Ormai interpreta se stesso anche Bernard Tomic. Il cachet di 50 mila sterline per 58 minuti di partita contro Jo-Wilfried Tsonga danno la misura di una farsa che ormai non diverte nemmeno più. L'australiano, multato due anni dopo aver ammesso di essersi “annoiato” durante il match di primo turno perso contro Mischa Zverev, si è limitato ad ammettere di aver giocato una partita “terribile”.

 

È torneo da creativi, sì, da ribelli con una causa. Non da disordinati tout-court però.
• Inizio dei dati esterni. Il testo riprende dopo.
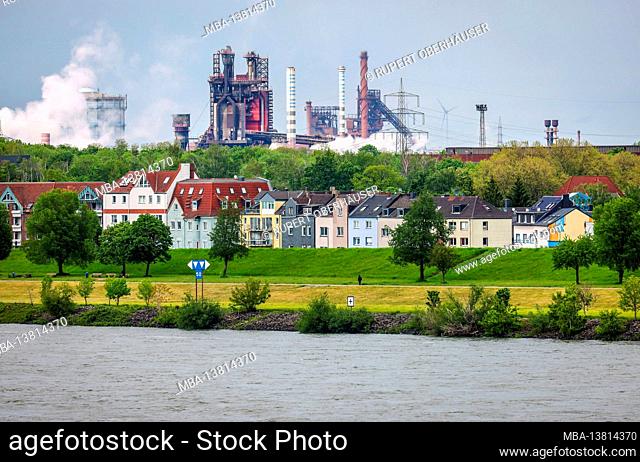 Duisburg, North Rhine-Westphalia, Germany - Urban landscape in the Ruhr area with the Rhine in front of residential buildings in the Laar district and behind...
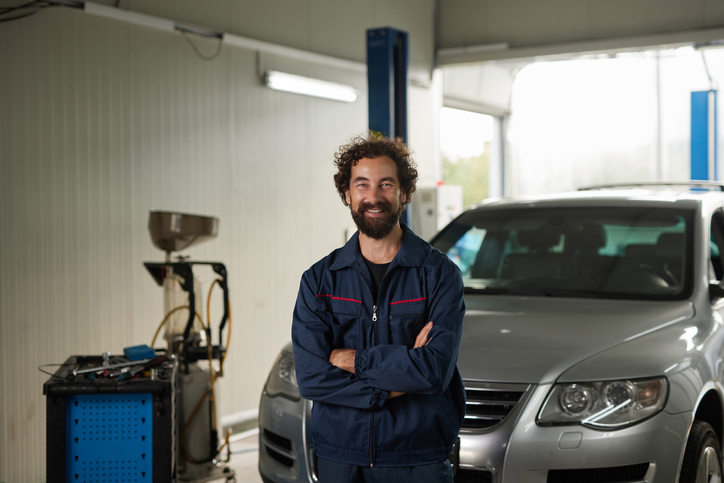 Smiling mechanic with arms crossed in repair shop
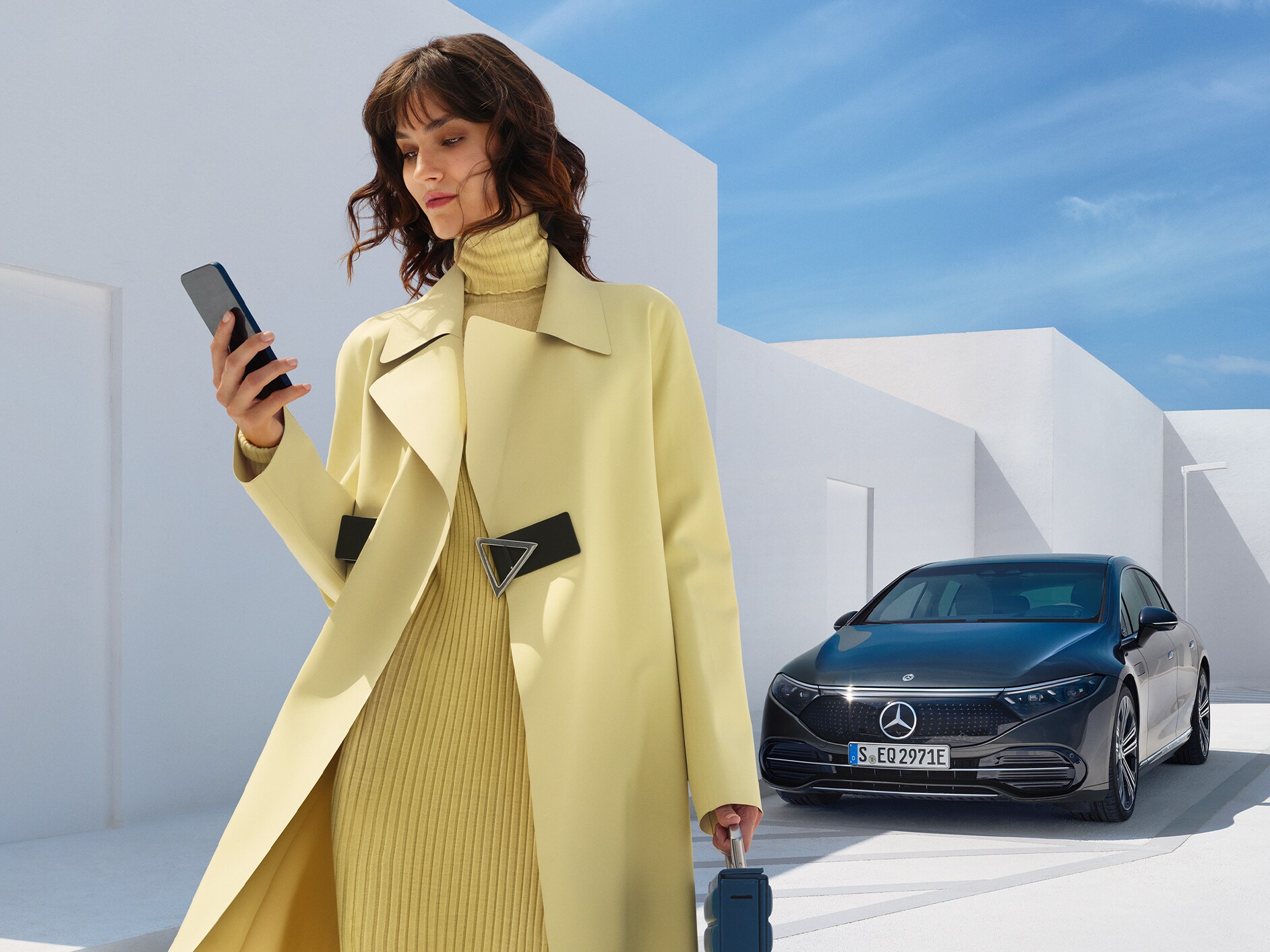 Das Bild zeigt eine Frau vor der EQS Limousine von Mercedes-EQ.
Vedere per credere come Denis Shapovalov abbia perso e mai ritrovato il filo di una partita, e ormai di una buona parte di stagione, all'inseguimento di un desiderio di stupefacente perfezione che rischia di trasformarlo in lussuoso tennista da esibizione. Non al livello del “Raggio di luna” tenuto a palleggiare in giardino dal protagonista dell'omonima commedia di Garinei e Giovannini, non all'altezza dei sogni di gloria. Sospeso tra l'esigenza di ordine e la ricerca del limite come indicatore di bellezza.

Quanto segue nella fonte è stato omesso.